Malagò non ha una smisurata considerazione di se stesso: “Ti cambio il rapporto della Lega con lo sport, io ho cinque milioni di iscritti, io valgo il cinque per cento del prodotto interno lordo, io ti porto un segretario generale della Lega e chiedo a Maroni di ordinare a un leghista di votare per me. Se non lo fate siete matti. Ma che mestiere fate?”, ha sussurrato al telefonavo a Isabella Votino, influente portavoce di Bobo Maroni. Votino non è matta. E ha eseguito. Il 19 febbraio 2013, Malagò è incoronato presidente del Comitato olimpico italiano, autore di una sensazionale rimonta (fra gli allenatori c’è Gianni Letta), sconfigge per cinque voti il favorito Raffaele Pagnozzi.
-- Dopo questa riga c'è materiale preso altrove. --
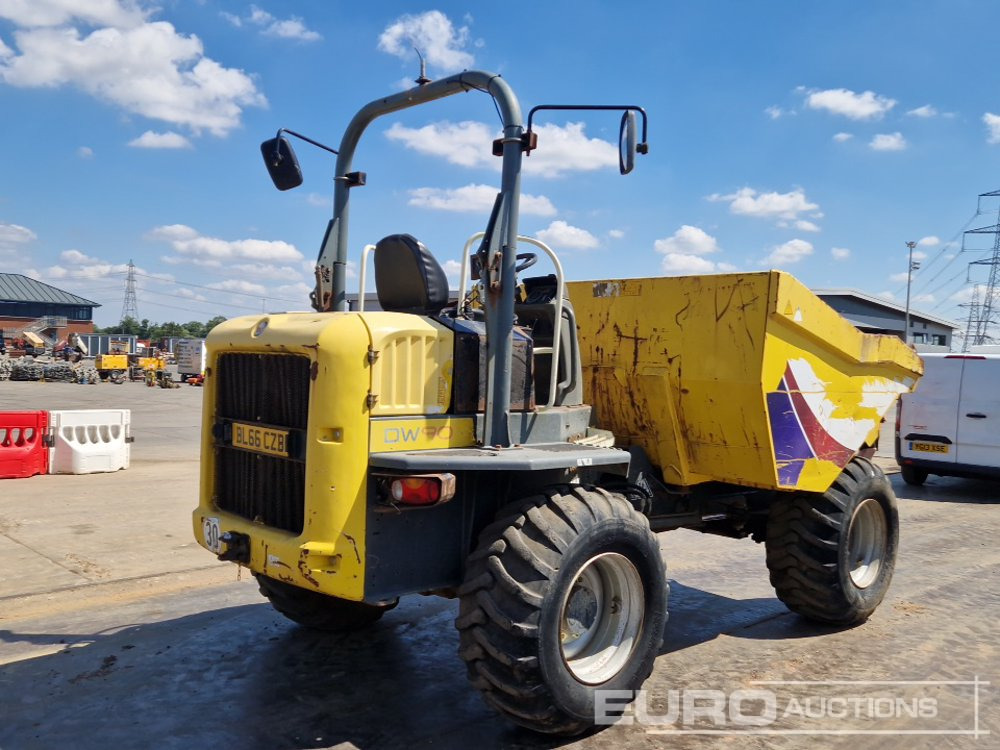 2016 Wacker Neuson DW90 - Minidumper: afbeelding 5 2016 Wacker Neuson DW90 - Minidumper: afbeelding 5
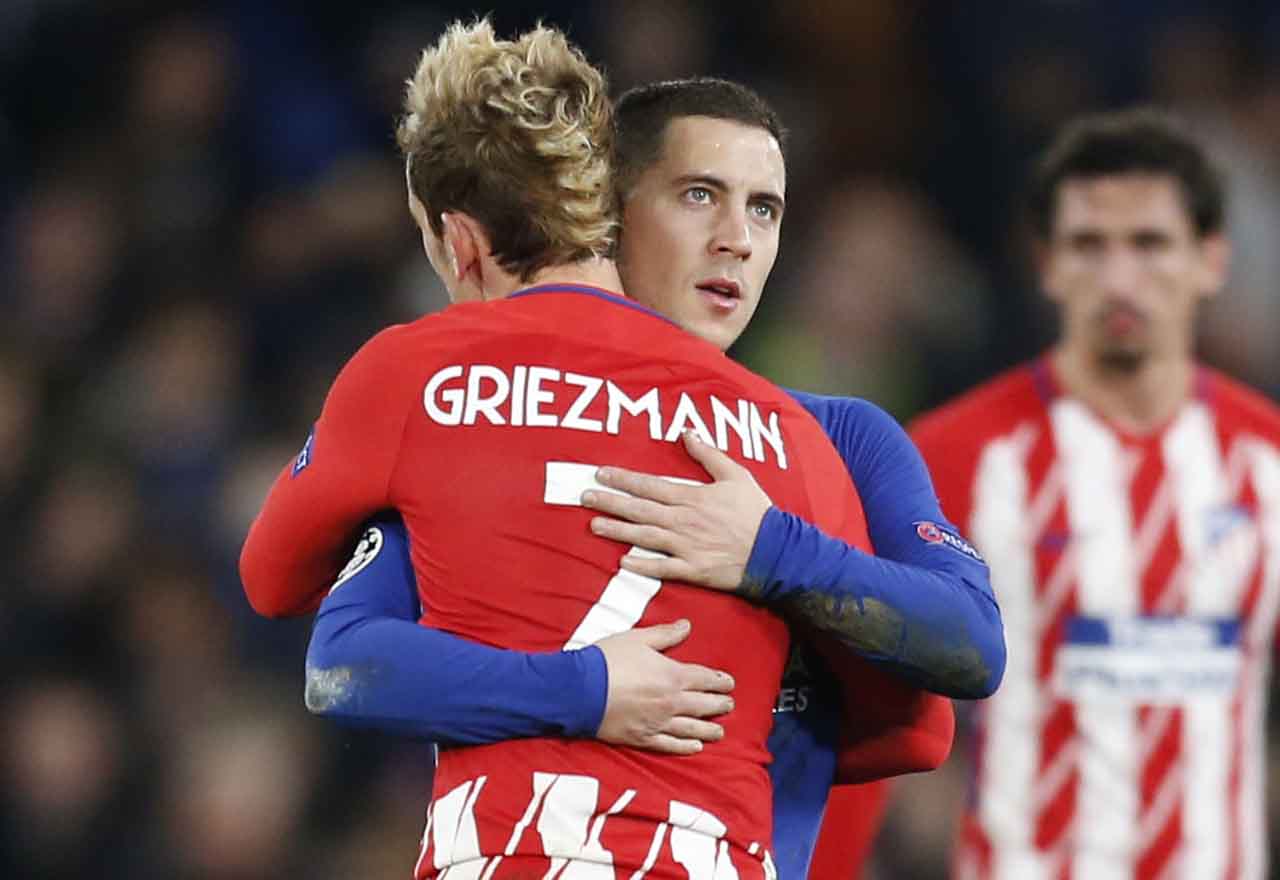 Hazard Could Follow Griezmann S Example In Deciding His Chelsea Future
Malagò ha gestito i fallimentari mondiali di nuoto di Roma 09, ma neanche uno schizzo d’acqua l’ha sfiorato. Malagò non è un pariolino, è l’essenza del quartiere Parioli. Il sabato non andava in discoteca, in discoteca elargiva divertimento ai compagni del liceo scientifico San Giuseppe dei Padri Lasalliani, scuola per soli maschi. Sempre lo stesso tavolo, sempre lo stesso vizio. All’ingresso lanciava le chiavi di una berlina al parcheggiatore per non perdere minuti preziosi. Una volta gli hanno fregato una Bmw. Malagò non ha parenti un po’ conosciuti. La mamma è nipote di Donato Menichella, illustre governatore della Banca d’Italia e del democristiano Pietro Campilli, ministro con De Gasperi, Pella, Fanfani, Scelba, Segni e Zolli. Malagò non organizza cene fra amici, li fa sposare. Ha trovato moglie a Montezemolo, Rosario Fiorello, Corrado Passera e marito a Margherita Buy. Malagò non è un tifoso romanista con una passione viscerale, è un romanista ossessivo: “Non lo so ogni quanto penso alla squadra, non l’ho mai cronometrato. Ma una cosa è certa: come posso, ci penso”. Il capitano Francesco Totti ha aderito con entusiasmo alla candidatura olimpica di Roma.
Malagò non è un cineasta in senso stretto, ma è amico dei fratelli Vanzina. Walter Veltroni l’ha nominato consigliere della fondazione Cinema per Roma. Forse Giovanni Malagò non esiste. Forse è soltanto una proiezione borghese di un personaggio gaudente di Paolo Sorrentino o un’allegoria di Nanni Moretti o un verso non ancora interpretato di Trilussa. Non è un uomo che vive, e molto bene; è un uomo che si esibisce, e molto spesso.
Forse davvero s’è sentito per un attimo il Cicerone di Stefan Zweig, forse davvero ha immaginato di scalare il Campidoglio e di ascoltare gli elettori grillini urlare “ma-la-gò, ma-la-gò”, anziché il solito “o-ne-stà, o-ne-stà”. Poi Virginia Raggi l’ha svegliato. Ha cancellato il progetto Roma 2024.
Malagò dorme male, prende dei sonniferi per riposare, tranne nei fine settimane (no, non va più in discoteca). Ha confessato di sognare di rado. Quando sogna, però, Malagò sogna Malagò.